System Design Fundamentals: CAP Theorem, Consistency, and Availability
Understanding distributed systems fundamentals is essential for any system design interview. These concepts explain the trade-offs behind every architectural decision. Expected knowledge at all FAANG/MANGA companies and any role involving distributed systems.
CAP Theorem
In a distributed system, you can only guarantee two of three properties simultaneously:
- Consistency (C): every read receives the most recent write or an error. All nodes see the same data at the same time.
- Availability (A): every request receives a response (not an error), but the response might not be the most recent data.

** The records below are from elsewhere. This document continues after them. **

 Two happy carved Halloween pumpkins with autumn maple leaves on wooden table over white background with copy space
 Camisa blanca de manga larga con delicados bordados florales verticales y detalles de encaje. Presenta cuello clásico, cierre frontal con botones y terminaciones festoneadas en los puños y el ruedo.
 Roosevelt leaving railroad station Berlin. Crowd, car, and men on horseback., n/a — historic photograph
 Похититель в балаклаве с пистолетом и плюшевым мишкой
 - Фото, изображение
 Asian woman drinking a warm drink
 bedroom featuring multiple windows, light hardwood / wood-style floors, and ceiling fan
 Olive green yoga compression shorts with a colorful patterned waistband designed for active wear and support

- Partition Tolerance (P): the system continues operating even when network messages are dropped between nodes.
Since network partitions are a reality in distributed systems, the real choice is between C and A during a partition:
- CP systems: HBase, Zookeeper, MongoDB (with majority write concern), Etcd. Return error when partition occurs rather than stale data.
- AP systems: Cassandra, CouchDB, DynamoDB, Riak. Return potentially stale data rather than error.

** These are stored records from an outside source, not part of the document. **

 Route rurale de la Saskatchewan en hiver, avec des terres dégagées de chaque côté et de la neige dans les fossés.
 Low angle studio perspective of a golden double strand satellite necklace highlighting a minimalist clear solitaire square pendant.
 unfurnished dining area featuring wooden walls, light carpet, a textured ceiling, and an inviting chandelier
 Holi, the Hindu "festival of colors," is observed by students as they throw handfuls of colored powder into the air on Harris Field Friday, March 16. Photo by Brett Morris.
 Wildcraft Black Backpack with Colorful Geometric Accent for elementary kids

PACELC Model (Extension of CAP)
CAP only considers partition scenarios. PACELC also considers the normal case:
- If Partition: choose between Availability vs Consistency (like CAP)
- Else (normal operation): choose between Latency vs Consistency
DynamoDB: PA/EL – available on partition, low latency normally (eventual consistency). Spanner: PC/EC – consistent on partition, consistent normally (higher latency, uses TrueTime).
Consistency Models
Strong Consistency
After a write completes, all subsequent reads return the new value. Like a single-node database. Expensive: requires synchronous replication or consensus (Raft/Paxos). Used in: financial systems, configuration stores (Etcd/Zookeeper).
Eventual Consistency
If no new writes occur, all replicas will eventually converge to the same value. Reads may see stale data in the meantime. High availability and low latency. Used in: DNS, email, social media counters, shopping carts (Amazon Dynamo paper).
Causal Consistency
Operations that are causally related are seen in the same order by all nodes. If you write A then write B (B depends on A), all nodes see A before B. MongoDB 4.0+ multi-document sessions, Facebook Cassandra causal reads.
Read Your Own Writes
After a write, the same client always reads the new value. Others may still see old value. Implemented by: routing reads to the primary, using session affinity, or version vectors. Important for user experience (post a comment, immediately see it).
Replication Strategies
Single Leader (Master-Replica)
All writes go to leader, replicated to followers. Reads from followers (eventual consistency) or leader (strong consistency). Failover: promote a follower. Used by: PostgreSQL, MySQL, MongoDB. Simple but leader is a bottleneck.
Multi-Leader
Multiple nodes accept writes. Useful for multi-datacenter deployments (each DC has a leader). Conflict resolution needed (last-write-wins, vector clocks, CRDTs). Used by: CouchDB, Google Docs (CRDT).
Leaderless (Dynamo-style)
Any node accepts reads and writes. Quorum: write to W nodes, read from R nodes. If W + R > N (replication factor), reads see at least one up-to-date write. DynamoDB, Cassandra, Riak use this model.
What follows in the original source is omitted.